Misconception: designers don’t need to know to code at all. Yes, we don’t have to be a professional developer, but understanding the basics is essential.

Do you have a mantra or ritual you’ve used with success throughout your career as you’ve continued to accelerate?

For any solution, ask, “can this be better?” at least 5 times. If I can’t make it better, show the design to others, then the answer probably becomes yes.

What is 1 thing attendees can do today that will help them on their path to success?

Focus on what you really want to do. And just do it!

During my first year at UT, I asked my engineer friend many times, should designers learn some coding? The last time I got a reply: if you save the time to ask, you probably already learned a lot. So I felt shame and started at that moment. The things I learned in that period of time helps me tremendously in the long term. Sometimes, the hardest thing is just to get started.

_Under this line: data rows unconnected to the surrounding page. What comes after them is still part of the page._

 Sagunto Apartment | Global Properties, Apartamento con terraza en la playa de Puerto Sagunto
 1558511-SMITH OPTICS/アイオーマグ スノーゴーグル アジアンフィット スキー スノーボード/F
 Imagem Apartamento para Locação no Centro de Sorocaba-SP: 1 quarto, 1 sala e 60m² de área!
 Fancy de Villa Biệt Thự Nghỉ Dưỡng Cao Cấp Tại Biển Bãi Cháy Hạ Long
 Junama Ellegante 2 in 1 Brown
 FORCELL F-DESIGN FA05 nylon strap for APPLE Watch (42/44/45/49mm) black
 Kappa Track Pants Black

What is something that you learned early on in your career that you want to pass on to future women in tech?

You are the only one who defines what you can do.

In my first job, I was assigned to do the interaction design and wireframing, not visual design. Half years later, I had an opportunity of making an interactive prototype for a new app the company is exploring. I could have stopped with the wireframing version of the prototype, but I was into the visual design and fascinating by the animations that I can’t stop polishing it and make it better. After seeing what I’ve done, our director assigned both interaction and visual design to me. That was a breakthrough in my career.

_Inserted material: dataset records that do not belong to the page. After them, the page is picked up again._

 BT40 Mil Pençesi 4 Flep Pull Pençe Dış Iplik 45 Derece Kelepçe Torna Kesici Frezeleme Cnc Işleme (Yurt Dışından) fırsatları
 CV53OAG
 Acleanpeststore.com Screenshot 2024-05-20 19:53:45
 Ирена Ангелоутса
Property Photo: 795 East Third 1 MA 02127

What’s been the most challenging part of your role?

Don’t understand the users and use cases enough.

Before MongoDB, I designed products for car buyers, home buyers, middle school teachers, game players, but now it’s my first-time design for developers. I have to say in terms of digital product design, developers are a very special group of users. They are smart, straightforward, have high standards toward consistency and simplicity. Since the database is at the foundation level of development, what we are designing requires a lot of domain knowledge. It’s similar to design Sketch for designers but more challenging. I have lots of developer friends, and now more new friends from the company. They are always willing to help me understand issues, encourage me to ask questions, and I always feel fruitful working with them. For me, this challenge is hard but sweet!

What’s something you’ve worked on that you’re proud of?

A security-related feature that we launched recently. I always feel sad when I hear the news about data leakage. Once in a lifetime, I can help MongoDB users better secure their database; and through their applications, millions of users can better secure their data, which means a lot to me.

The feature will have a significant impact on how our users perceive our focus on security and guide them to explore more possibilities.

After months of hard work, we got an excellent design solution. I’m super proud of the research, process, interaction, UI, animation, and every detail of it. (Happy*10 when the developer comments “niiiiiice” to the animation). I can’t get there without help from all the people — the PM, other designers, developers, people who help us with user testing, and copywriting from the marketing team. By documenting the working process on a design doc, it helps us to communicate better and more accessible to look back on the discussions we made along the way.